For the vast majority of our clients who suffer CRPS, the precipitating injury which resulted in them developing the condition was a fracture, bruising, strain or sprain, usually to one of the extremities. However, for two of our current clients the precipitating trauma was a little different, an electric shock. In both cases CRPS has developed at the point of entry of the shock, although in neither case was there any obvious peripheral nerve damage and both have been diagnosed with CRPS Type I.
Electrocution is a known trigger for CRPS and cases have been reported where the condition has developed at both the entry and exit sites.
The incidence of electric shock as a trigger for CRPS seems high compared to other types of injury. In one study, of 45 victims of electric shock who were studied, 15 went on to develop symptoms of CRPS.
There does not seem to be any particular correlation between the voltage involved in the shock and chance of developing CRPS, with both high and low voltage cases reported as triggers; the highest invariably being the result of lightning strikes.
CRPS is not the only condition for which an electric shock can be a trigger, but others such as cardiovascular problems share a link with CRPS through the autonomic nervous system (ANS), suggesting that electrocution can result in dysfunction in the ANS.

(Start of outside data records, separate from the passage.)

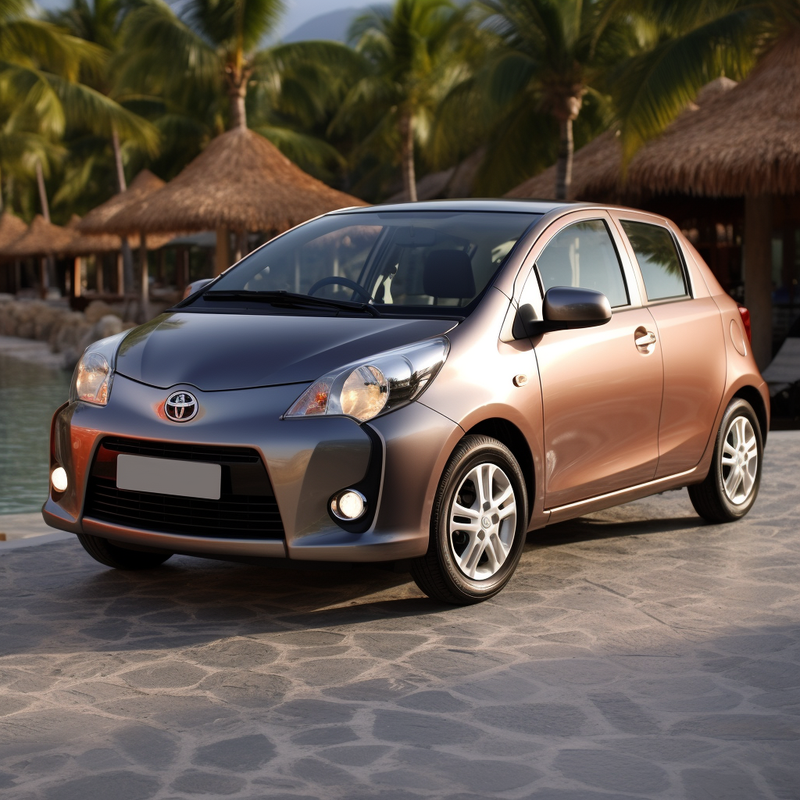 سجادات أرضية فاخرة من Autowin لسيارة Toyota Yaris 2 (2006-2011)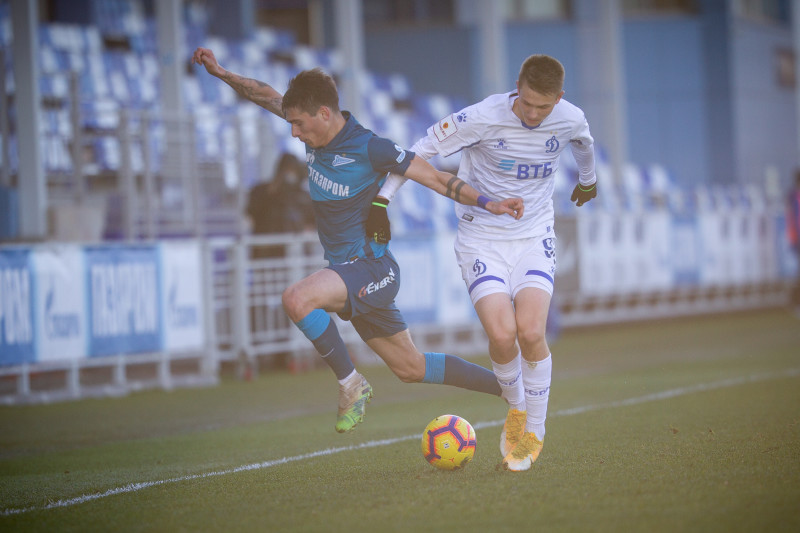 ОЛИМП — Первенство ПФЛ, «Зенит» — 2 — «Динамо»
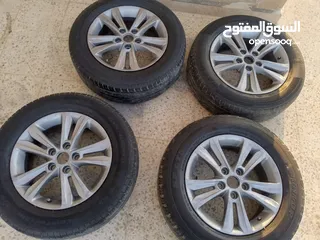  5 جنطات مع كوشوك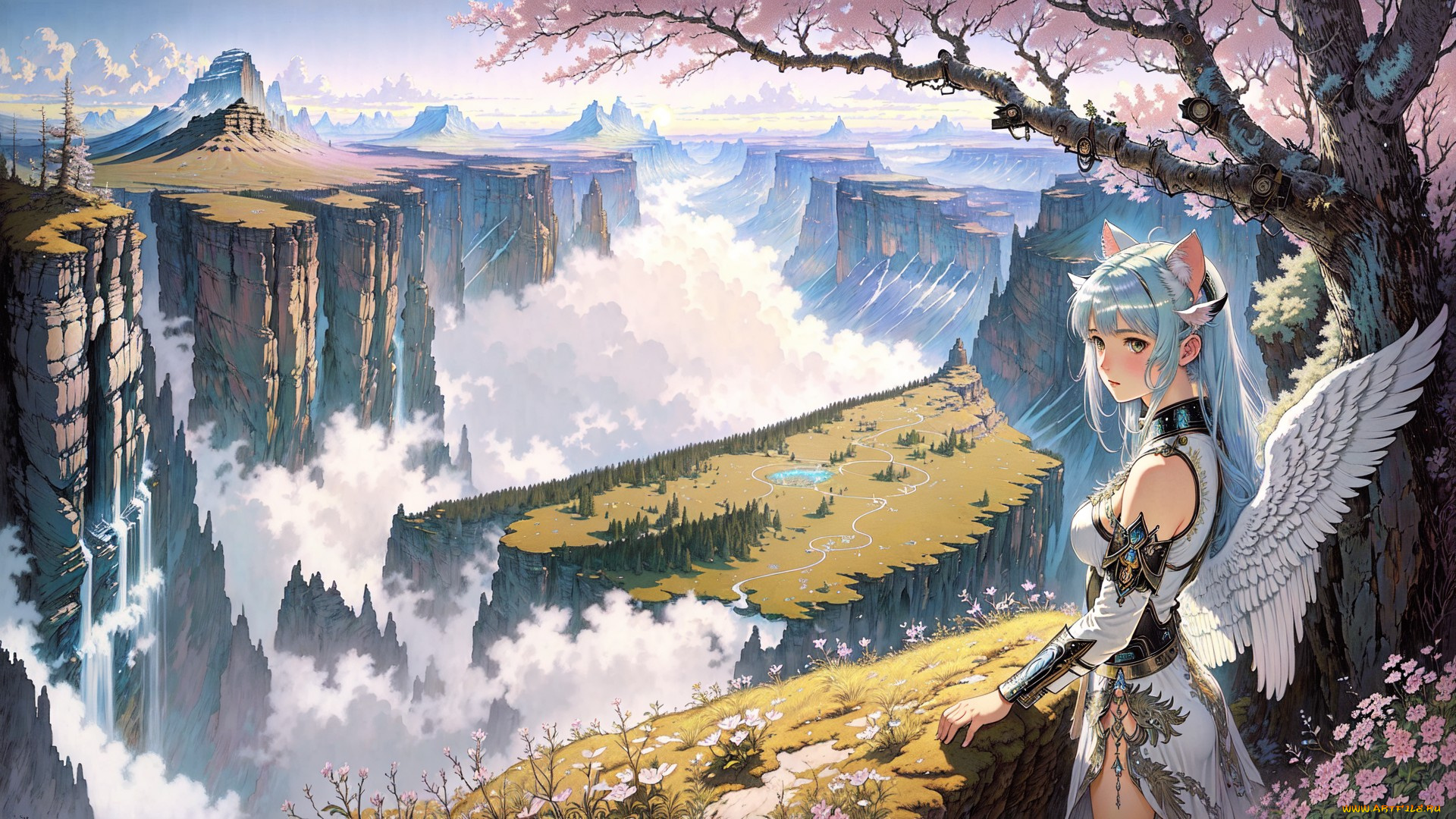 аниме, ангелы, , демоны, нейросети, графика, нейроарт, ai, art, нейронные, сети, рисунки, нейро, искусство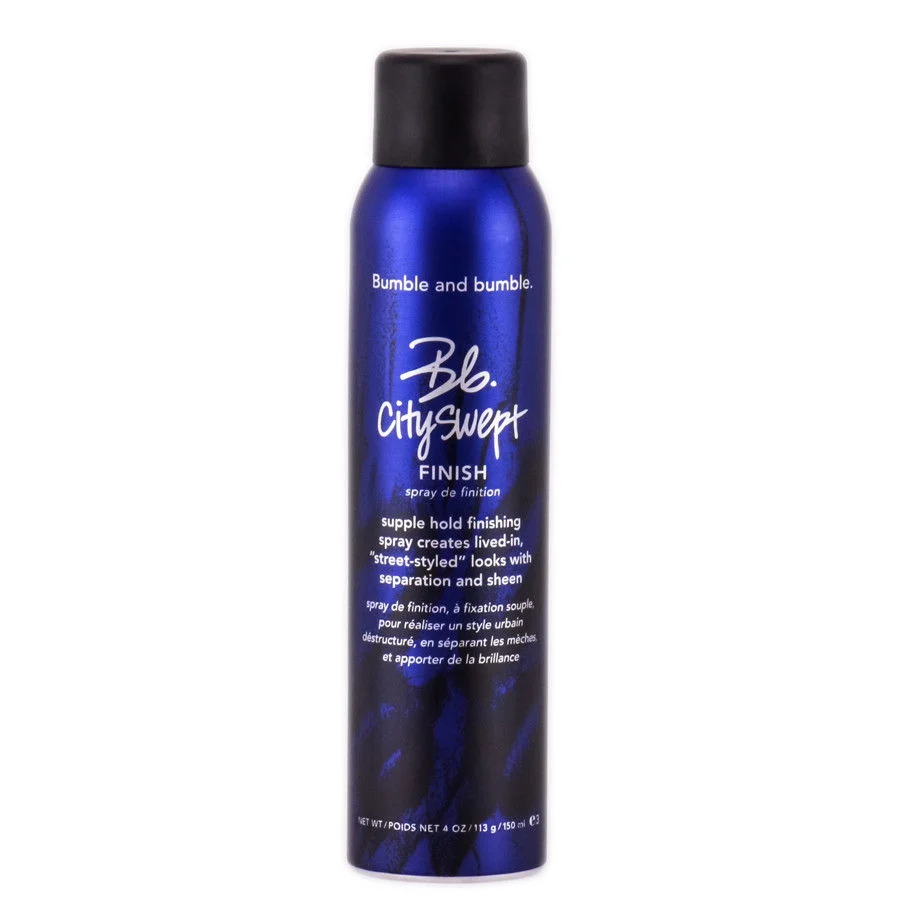 City Swept Finish Supple Hold Finishing Spray - Size : 4 oz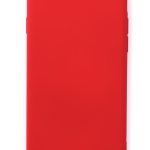 Back panel cover Evelatus Apple iPhone 6 / 6s Nano Silicone Case Soft Touch TPU Red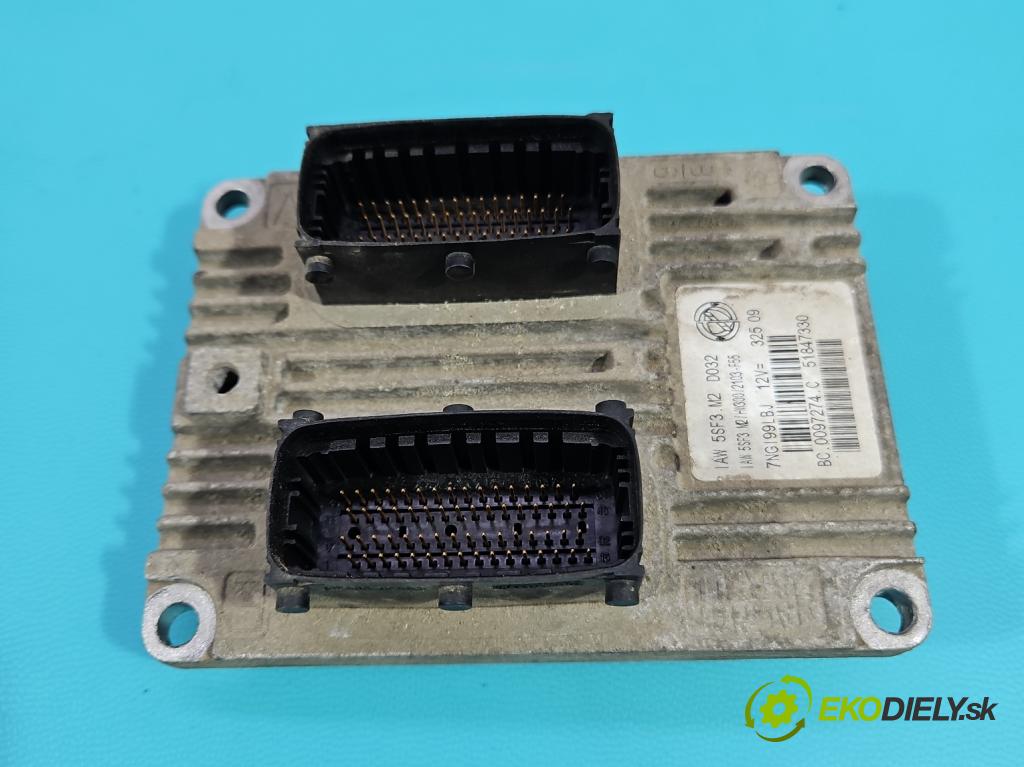 Fiat Punto Grande 1.4 77 HP manual 57 kW 1368 cm3 5- riadiaca jednotka motora IAW 5SF3.M2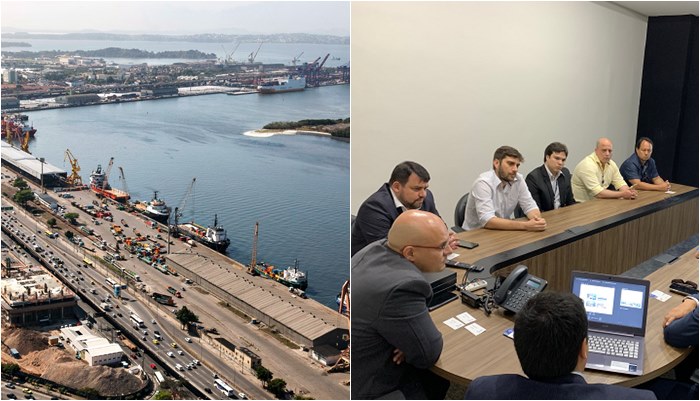 Porto Rio de Janeiro Saudita Investimentos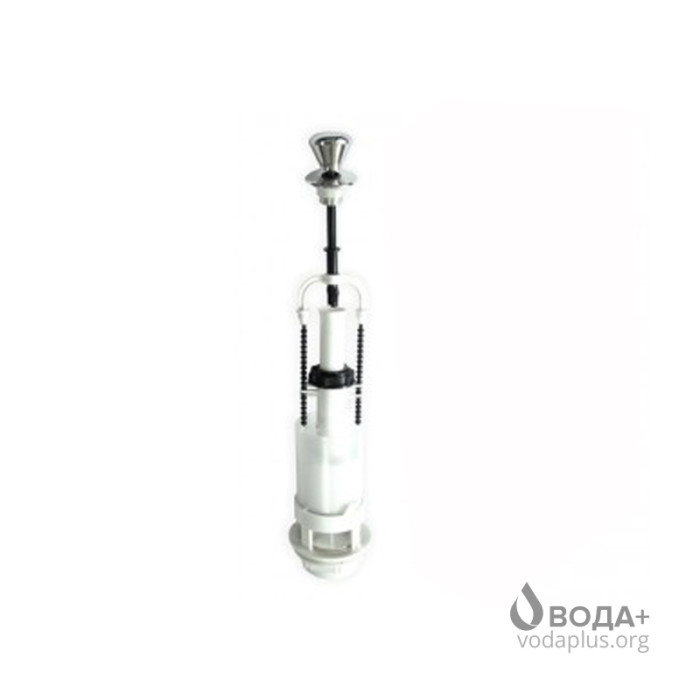 Арматура для бачка унітазу SantehPlast  з ручкою  АБ 66.00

Despite ever more stringent regulation on electrical systems and devices and the prevalence of circuit breakers and other safety devices, electric shock remains a surprisingly common injury. In the UK annually, around 12,000 people are seen within the NHS following electric shock.
Whilst it may be easy to dismiss many cases of electric shock as trivial, on the basis of the evidence highlighted above, each and every case should be treated seriously. Victims of electric shock should be advised to be alert to the development of new symptoms and to report those immediately to their doctor.